If you are asked specifically about certain parts of the accident, answer honestly even if you think your answer could negatively impact your case. For instance, if the attorney asks if you drank any alcohol on the day of the accident and you are not truthful, the outcome of your case can be jeopardized once the attorney learns you actually drank a beer or two. The police report likely has all the information the attorneys will ask you. An attorney will verify all evidence prior to your questioning, so always be honest.

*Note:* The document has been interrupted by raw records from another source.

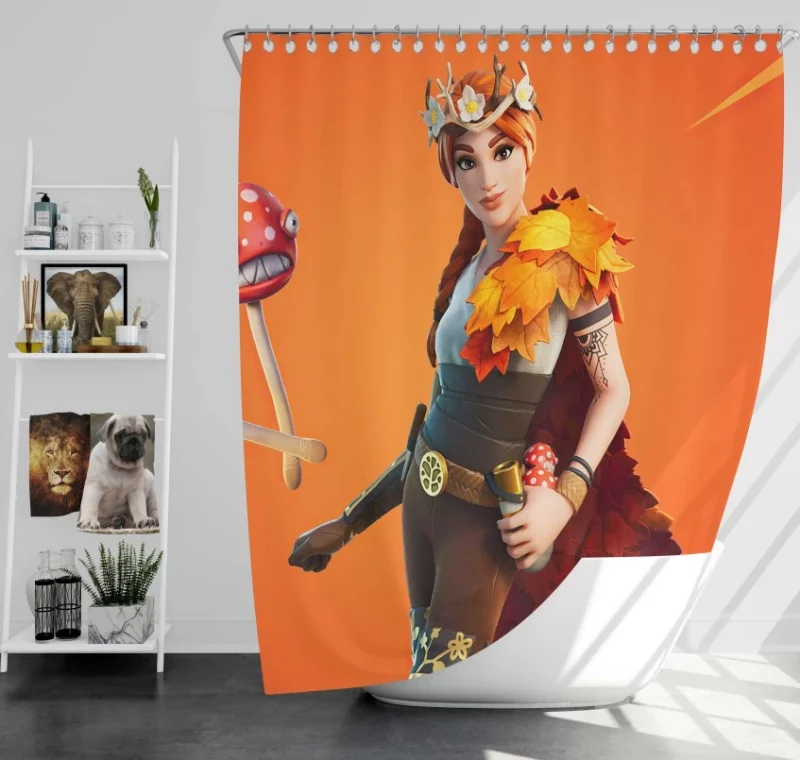 Autumn Queen Fortnite Bath Shower Curtain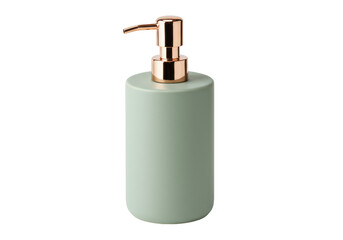 Obraz premium Elegant sage green soap dispenser isolated, with copper pump for bathroom or kitchen, modern design and minimalist style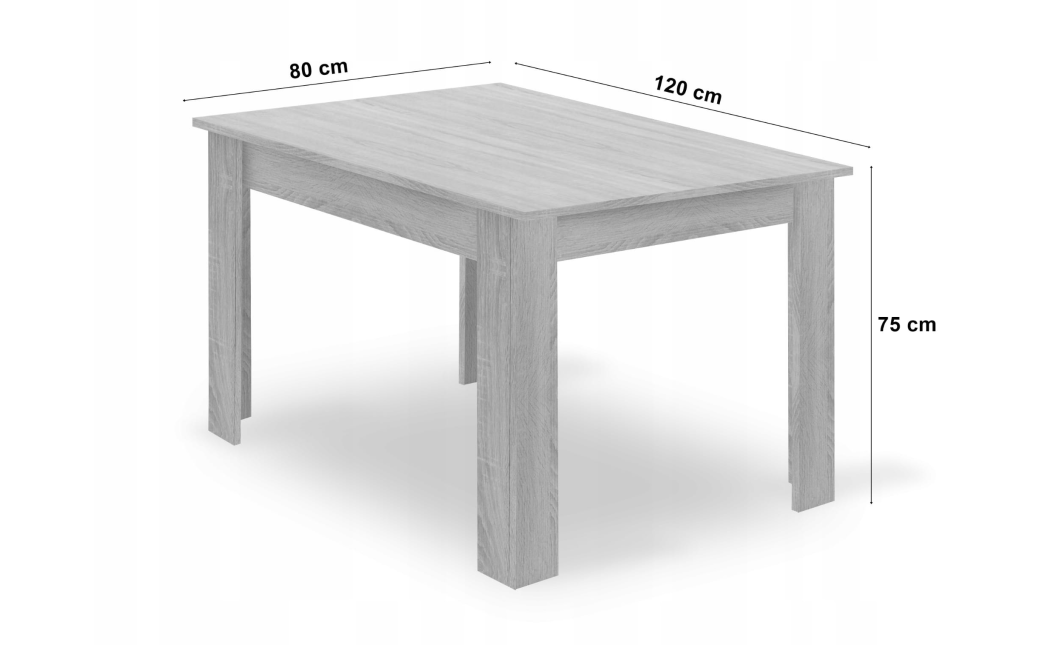 Tisch NP 120x80 Artisan Eiche + Schwarz (100155031)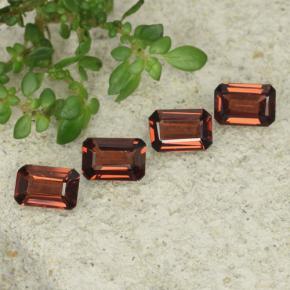 Gemas de granate piropo rojo natural de 2,30 ct, corte esmeralda, VS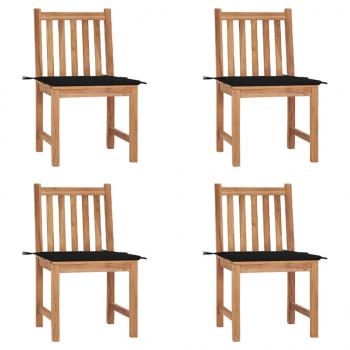 ARDEBO.de - Gartenstühle 4 Stk. mit Kissen Massivholz Teak 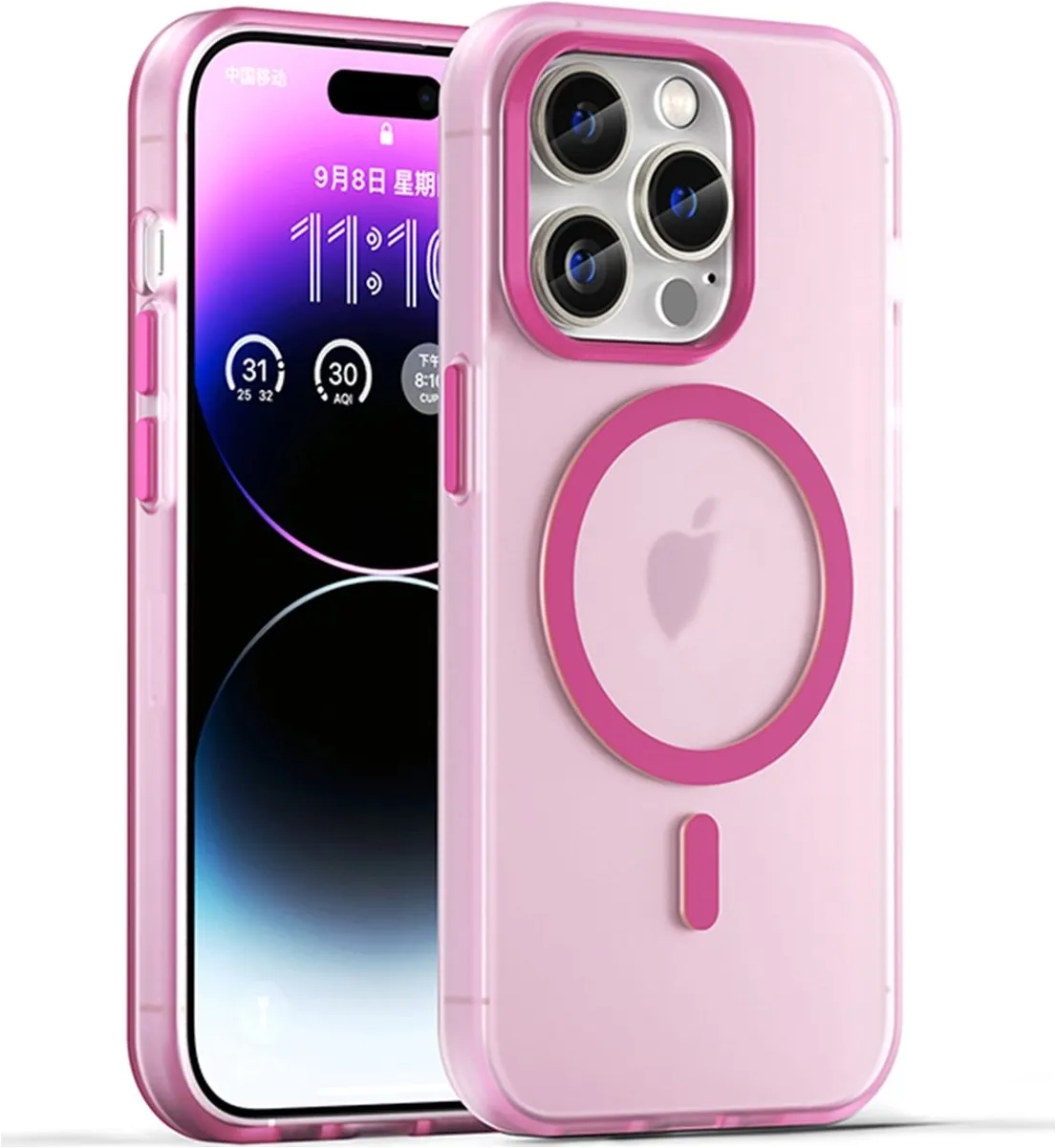 SmoBea Compatibel met iPhone 16 Pro schattige horizontaal gestreepte telefoon, zacht TPU slank schokbestendig telefoonhoesje voor vrouwen meisjes mooi en stijlvol, felroze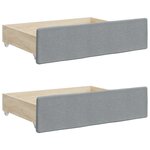 vidaXL Lit de jour avec gigogne et tiroirs gris clair 100x200 cm tissu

Do Not Go Overboard with Your Answers
In addition to being truthful with your deposition answers, you also do not want to go overboard. Try not to exaggerate any details of the accident in hopes of strengthening your case. For example, if you are asked about the severity of your injuries and you claim that you cannot work at all when you really are physically able to do so, you could be accused of exaggerating your injury to get a higher settlement. A better answer to this type of question is that your ability to work at your normal capacity as before is now diminished due to your injuries from the accident.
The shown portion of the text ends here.